• [PROVIDED RECORDS]
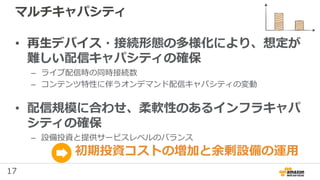 17
マルチキャパシティ
• 再生デバイス・接続形態の多様化により、想定が
難しい配信キャパシティの確保
– ライブ配信時の同時接続数
– コンテンツ特性に伴うオンデマンド配信キャパシティの変動
• 配信規模に合わせ、柔軟性のあるインフラキャパ
シティの確保
– 設備投資と提供サービスレベルのバランス
初期投資コストの増加と余剰設備の運用
 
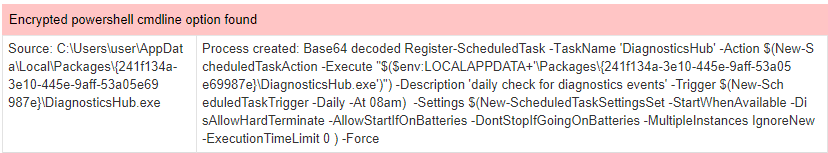 Powershell directory listing command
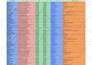 do accurate data entry, web scraping, email collection, and copy paste work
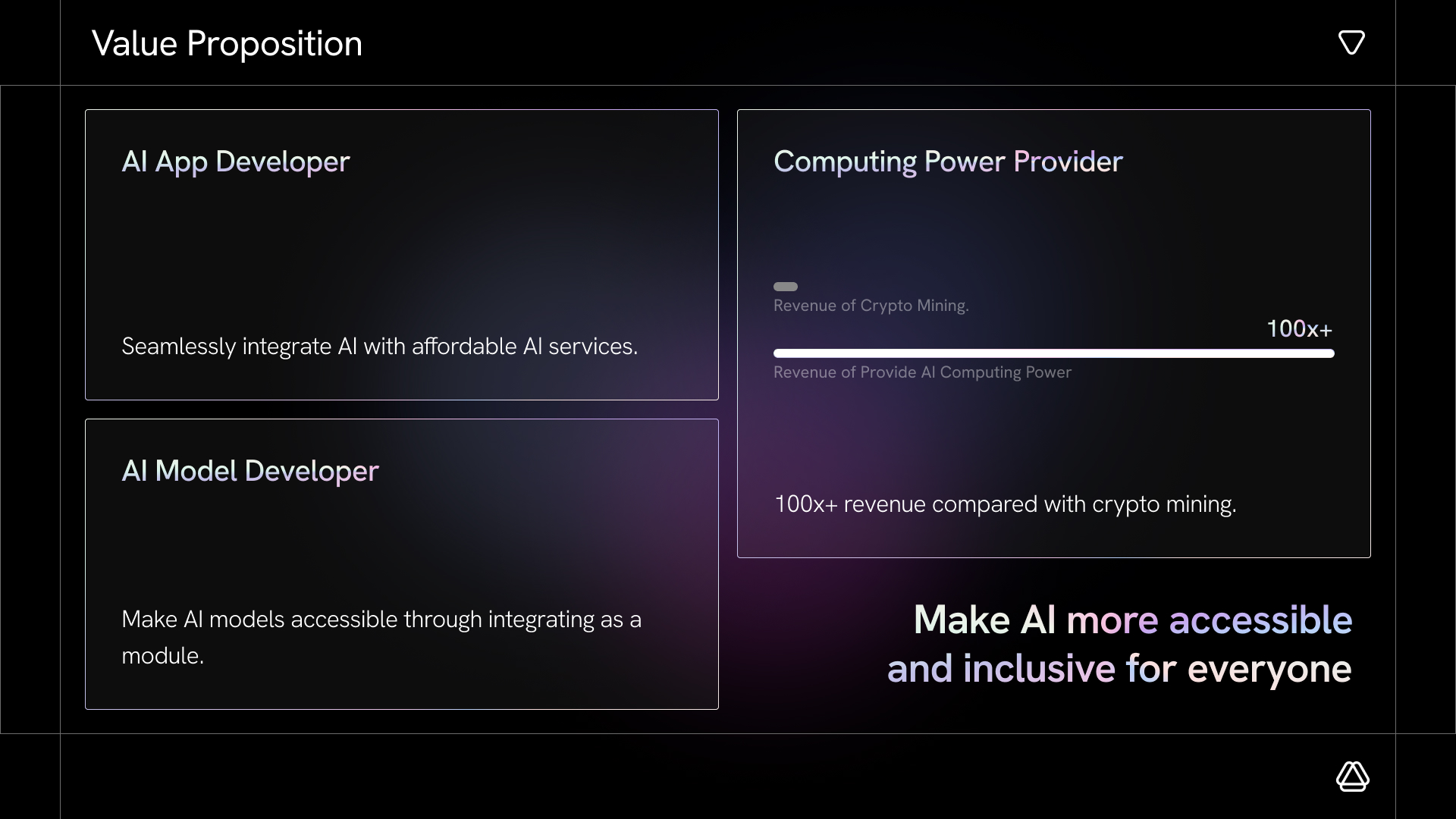 Monte Carlo deck slide 9 - Value proposition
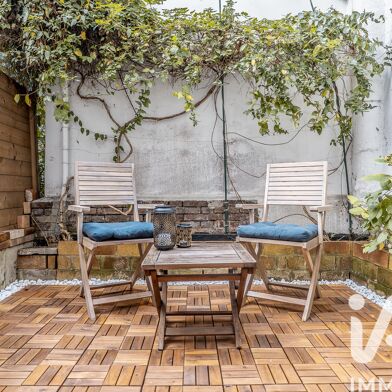 Appartement 2 pièces 430000 €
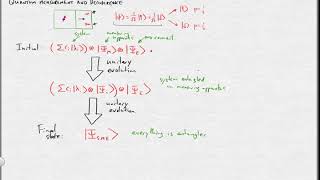 Quantum Subsystems, Entanglement, Ensembles, and Measurement VI: measurement and decoherence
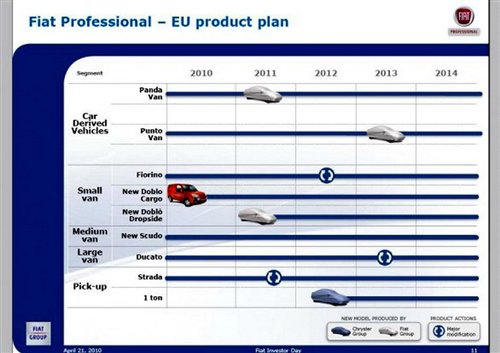 多款新车时间表 菲亚特未来5年产品计划 汽车之家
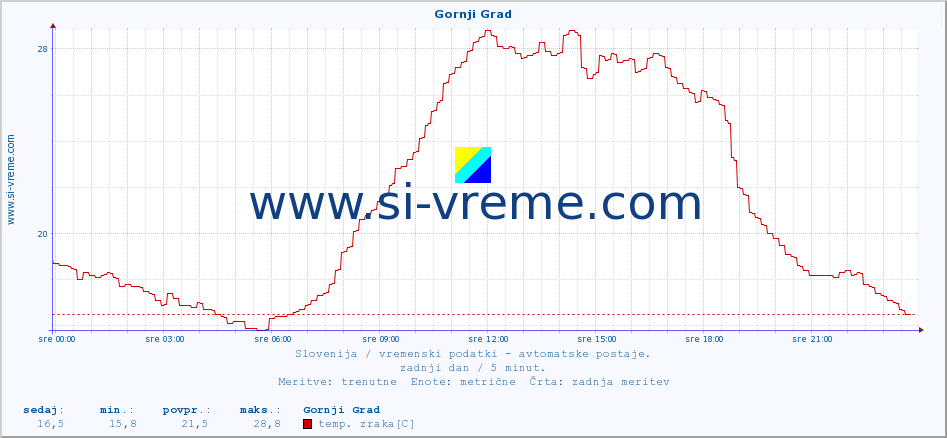 POVPREČJE :: Gornji Grad :: temp. zraka | vlaga | smer vetra | hitrost vetra | sunki vetra | tlak | padavine | sonce | temp. tal  5cm | temp. tal 10cm | temp. tal 20cm | temp. tal 30cm | temp. tal 50cm :: zadnji dan / 5 minut.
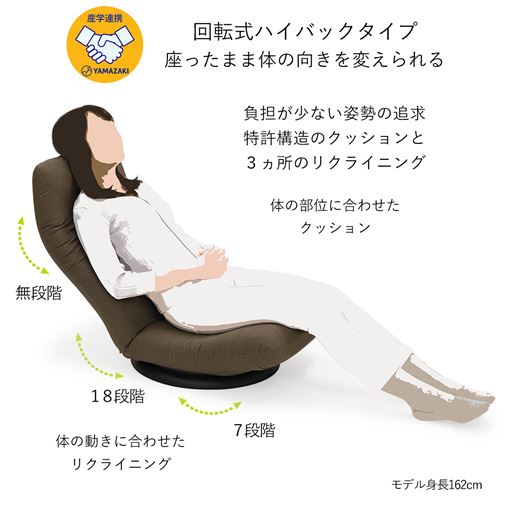 産学共同研究から生まれた、こだわりの仕様。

• [DIRECTIONS FOR THIS TASK]
Write out the data above precisely. Pictures stay out.

• [ANSWER BELOW]
 17
マルチキャパシティ
• 再生デバイス・接続形態の多様化により、想定が
難しい配信キャパシティの確保
– ライブ配信時の同時接続数
– コンテンツ特性に伴うオンデマンド配信キャパシティの変動
• 配信規模に合わせ、柔軟性のあるインフラキャパ
シティの確保
– 設備投資と提供サービスレベルのバランス
初期投資コストの増加と余剰設備の運用
 
 Powershell directory listing command
 do accurate data entry, web scraping, email collection, and copy paste work
 Monte Carlo deck slide 9 - Value proposition
 Appartement 2 pièces 430000 €
 Quantum Subsystems, Entanglement, Ensembles, and Measurement VI: measurement and decoherence
 多款新车时间表 菲亚特未来5年产品计划 汽车之家
 POVPREČJE :: Gornji Grad :: temp. zraka | vlaga | smer vetra | hitrost vetra | sunki vetra | tlak | padavine | sonce | temp. tal  5cm | temp. tal 10cm | temp. tal 20cm | temp. tal 30cm | temp. tal 50cm :: zadnji dan / 5 minut.
 産学共同研究から生まれた、こだわりの仕様。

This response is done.